- Born: 29 November 1913 Orkney, Scotland
- Died: 26 February 1968 (aged 54) Orkney, Scotland
- Education: Edinburgh University
- Scientific career
- Fields: Botany
- Workplaces: Royal Botanic Garden Edinburgh Singapore Botanic Gardens
- Author abbrev. (botany): J.Sinclair

= James Sinclair (botanist) =

Scottish botanist

James Sinclair (1913–1968) was a Scottish botanist, who worked at the Royal Botanic Garden Edinburgh and the Singapore Botanic Gardens.

== Life ==
Sinclair was born in the Bu of Hoy Orkney, Scotland on 29 November 1913. He received a degree in botany from the Edinburgh University. He served as a radar operator in the Royal Air Force from 1941 to 1945. In 1968 he succumbed to cancer and was buried in Hoy.

== Work ==
He was a botanist at the Edinburgh Royal Botanical Garden where he oversaw the herbarium.

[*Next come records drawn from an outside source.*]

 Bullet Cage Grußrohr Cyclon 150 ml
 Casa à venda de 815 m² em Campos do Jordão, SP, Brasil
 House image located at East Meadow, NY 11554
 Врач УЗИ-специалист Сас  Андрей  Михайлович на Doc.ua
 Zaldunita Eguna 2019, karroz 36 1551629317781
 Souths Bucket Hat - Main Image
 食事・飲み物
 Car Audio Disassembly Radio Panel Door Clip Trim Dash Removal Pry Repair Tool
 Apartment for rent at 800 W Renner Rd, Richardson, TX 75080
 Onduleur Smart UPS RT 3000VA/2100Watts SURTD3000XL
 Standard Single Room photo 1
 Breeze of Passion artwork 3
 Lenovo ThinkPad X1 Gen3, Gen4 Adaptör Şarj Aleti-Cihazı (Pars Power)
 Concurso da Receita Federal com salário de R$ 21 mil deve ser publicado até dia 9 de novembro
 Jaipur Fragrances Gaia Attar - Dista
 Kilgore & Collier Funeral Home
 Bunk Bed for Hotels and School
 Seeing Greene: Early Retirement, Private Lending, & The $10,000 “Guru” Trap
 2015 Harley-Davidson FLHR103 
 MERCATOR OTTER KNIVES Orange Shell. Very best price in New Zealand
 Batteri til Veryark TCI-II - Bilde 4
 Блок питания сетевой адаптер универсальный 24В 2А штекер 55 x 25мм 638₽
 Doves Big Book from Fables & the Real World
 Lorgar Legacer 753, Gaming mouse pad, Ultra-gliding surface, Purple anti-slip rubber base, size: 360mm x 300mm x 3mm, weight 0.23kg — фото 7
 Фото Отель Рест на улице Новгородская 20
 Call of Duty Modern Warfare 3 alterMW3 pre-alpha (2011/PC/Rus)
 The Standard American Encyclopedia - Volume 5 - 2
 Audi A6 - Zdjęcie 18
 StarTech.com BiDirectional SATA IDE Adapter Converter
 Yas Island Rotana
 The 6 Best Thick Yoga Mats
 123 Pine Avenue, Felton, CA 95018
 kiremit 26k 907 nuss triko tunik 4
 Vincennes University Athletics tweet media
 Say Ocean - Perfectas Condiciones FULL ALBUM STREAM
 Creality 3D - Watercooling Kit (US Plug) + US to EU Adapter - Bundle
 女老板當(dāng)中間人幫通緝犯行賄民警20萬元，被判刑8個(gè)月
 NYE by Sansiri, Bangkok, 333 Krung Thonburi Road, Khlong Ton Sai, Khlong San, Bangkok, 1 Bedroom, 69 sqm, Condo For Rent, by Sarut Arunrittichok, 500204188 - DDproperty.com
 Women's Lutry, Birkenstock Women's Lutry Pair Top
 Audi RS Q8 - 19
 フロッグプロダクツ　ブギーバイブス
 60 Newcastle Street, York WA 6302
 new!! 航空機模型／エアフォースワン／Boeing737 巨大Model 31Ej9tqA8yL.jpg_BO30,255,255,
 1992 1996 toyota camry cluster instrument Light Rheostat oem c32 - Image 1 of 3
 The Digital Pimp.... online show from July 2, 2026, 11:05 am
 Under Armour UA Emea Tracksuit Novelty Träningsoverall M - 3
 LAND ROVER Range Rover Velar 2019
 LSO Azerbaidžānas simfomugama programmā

In 1948 he became the herbarium curator at the Singapore Botanic Gardens. Much of his work focused on the flowering plant families Annonaceae and Myristicaceae, though he also had an interest in marine plants and mosses.

== Legacy ==
He is the authority for at least 192 taxa including:

His life and works have been honored as part of the Hoy Heritage project.